Optimal Monetary Policy, Tariff Shocks and Exporter Dynamics
with Masashige Hamano and Maria Teresa Punzi - September 2025 - New draft
In this paper, we explore the response of optimal monetary policy to uncoordinated trade policies, namely foreign tariff shocks. We provide a model of an open economy with heterogeneous firms and nominal rigidities where foreign tariff shocks induce a sluggish adjustment in the labor market between domestic and exporter firms. When wages are sticky, a foreign tariff hike leads to an expansionary monetary policy as optimal response to sustain labor demand in the domestic market. We show that the dispersion of firm productivity governs the reallocation of resources in the labor market and determines the extent of the monetary policy response to external tariff shocks.
Rethinking the Cleansing Effect of Recessions
with Bayram Cakir and Sophie Osotimehin - March 2026 - NEW!
Do recessions cleanse the economy of its least productive firms? Using comprehensive administrative data on Portuguese firms from 2004 to 2023, we study exit selection over the business cycle. We document two main findings. First, low-productivity firms are more likely to exit during growth slowdowns, but we find no evidence of cleansing during recessions. Second, low-productivity firms are more likely to become zombies during recessions rather than exit.

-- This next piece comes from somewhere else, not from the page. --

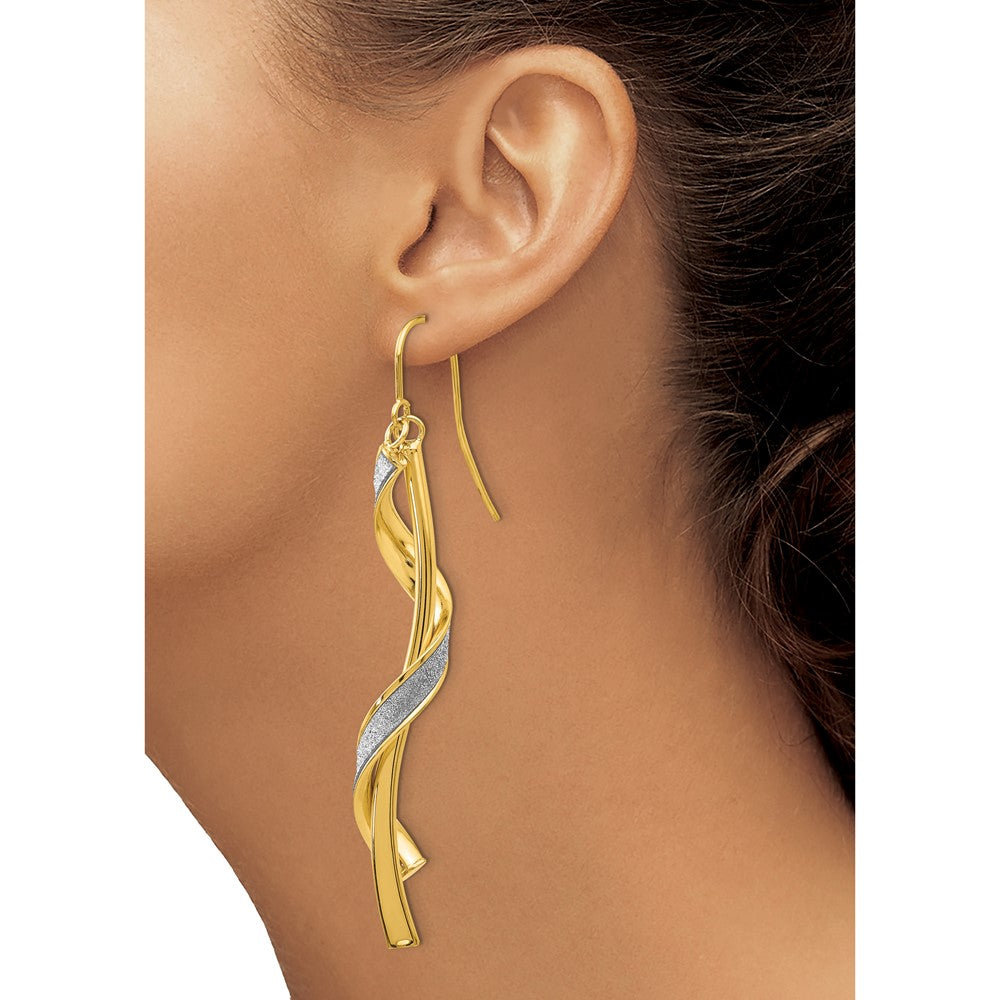 14k Yellow Gold 4 mm Polished Glitter Infused Spiral Dangle Earrings (2.98 grams)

As a result, the cleansing and zombie effects operate in opposite directions in downturns, weakening the selection at the exit margin. We develop a model with endogenous entry, exit, and zombie firms that matches these empirical patterns and quantifies their implications for aggregate TFP growth. We show that zombie congestion during recessions dampens productivity-enhancing reallocation and lowers aggregate TFP.